Hindari Kalimat Ini Saat Marah Pada Anak

Hindari Kalimat Ini Saat Marah Pada Anak

      Comments Off on Hindari Kalimat Ini Saat Marah Pada Anak

Mendidik anak bukanlah hal yang mudah. Salah satu tantangannya adalah saat anak-anak melakukan hal yang membuat orang tua kesal sehingga orang tua melontarkan kalimat yang menyakitkan. Para orang tua, berikut ini beberapa kalimat yang sebaiknya tidak diucapkan pada anak, dilansir dari laman parenting:

“Jangan ganggu, Ibu/Ayah sibuk”

Sekilas tak ada yang salah dengan kalimat ini, apalagi ketika diucapkan dengan nada yang normal, bukan dengan anda yang marah. Namun ternyata hal ini memiliki efek negatif pada anak.
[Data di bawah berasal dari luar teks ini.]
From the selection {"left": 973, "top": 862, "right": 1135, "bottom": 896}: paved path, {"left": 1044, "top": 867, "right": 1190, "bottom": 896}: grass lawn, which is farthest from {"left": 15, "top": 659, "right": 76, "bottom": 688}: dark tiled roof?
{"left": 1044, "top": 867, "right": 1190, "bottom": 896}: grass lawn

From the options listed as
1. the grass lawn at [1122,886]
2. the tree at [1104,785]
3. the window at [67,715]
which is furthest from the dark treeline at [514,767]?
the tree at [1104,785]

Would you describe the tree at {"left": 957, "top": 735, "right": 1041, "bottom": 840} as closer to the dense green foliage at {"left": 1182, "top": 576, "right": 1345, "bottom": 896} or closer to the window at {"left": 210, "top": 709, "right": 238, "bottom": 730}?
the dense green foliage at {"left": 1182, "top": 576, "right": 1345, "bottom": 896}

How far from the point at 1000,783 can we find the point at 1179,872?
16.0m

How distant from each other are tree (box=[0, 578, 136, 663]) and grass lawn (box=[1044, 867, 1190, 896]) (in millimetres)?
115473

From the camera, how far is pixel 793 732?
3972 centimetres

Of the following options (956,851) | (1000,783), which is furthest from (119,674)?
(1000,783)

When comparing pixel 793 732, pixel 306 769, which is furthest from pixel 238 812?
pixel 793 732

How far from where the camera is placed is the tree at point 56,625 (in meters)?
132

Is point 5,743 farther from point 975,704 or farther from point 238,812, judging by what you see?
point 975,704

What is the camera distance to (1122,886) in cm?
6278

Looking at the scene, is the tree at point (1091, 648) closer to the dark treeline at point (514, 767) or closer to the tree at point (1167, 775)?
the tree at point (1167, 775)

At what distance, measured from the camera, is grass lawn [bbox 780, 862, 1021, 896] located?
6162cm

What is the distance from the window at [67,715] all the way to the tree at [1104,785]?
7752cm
Kalimat ini bisa membuat anak merasa kehadirannya tidak diinginkan.

Jika Anda benar-benar sibuk sementara anak butuh perhatian, Anda bisa mengalihkannya pada aktivitas atau mainan kesukaannya. Setelah kesibukan Anda selesai, hampiri anak Anda dan habiskanlah waktu bersamanya.

“Jangan menangis!”

Kalimat ini tentu sering dilontarkan pada anak untuk menenangkan mereka. Menurut Debbie Glasser, psikolog anak, kalimat tersebut akan membuat anka merasa bahwa sedih atau menangis adalah hal yang tidak umum. Padahal menangis merupakan salah satu bentuk ekspresi dari emosi manusia yang wajar.

Untuk mengatasi anak yang menangis, sebaiknya tanyakan pada anak Anda apa yang menyebabkannya menangis. Jika ia menangis karena larangan Anda, maka jelaskan bahaya dari keinginannya. Jika ia menangis karena perlakuan teman-temannya yang kasar, katakan padanya bahwa perlakuan teman-temannya tidak baik. Dengan begitu, anak akan belajar tentang empati dan memahami perasaan orang lain.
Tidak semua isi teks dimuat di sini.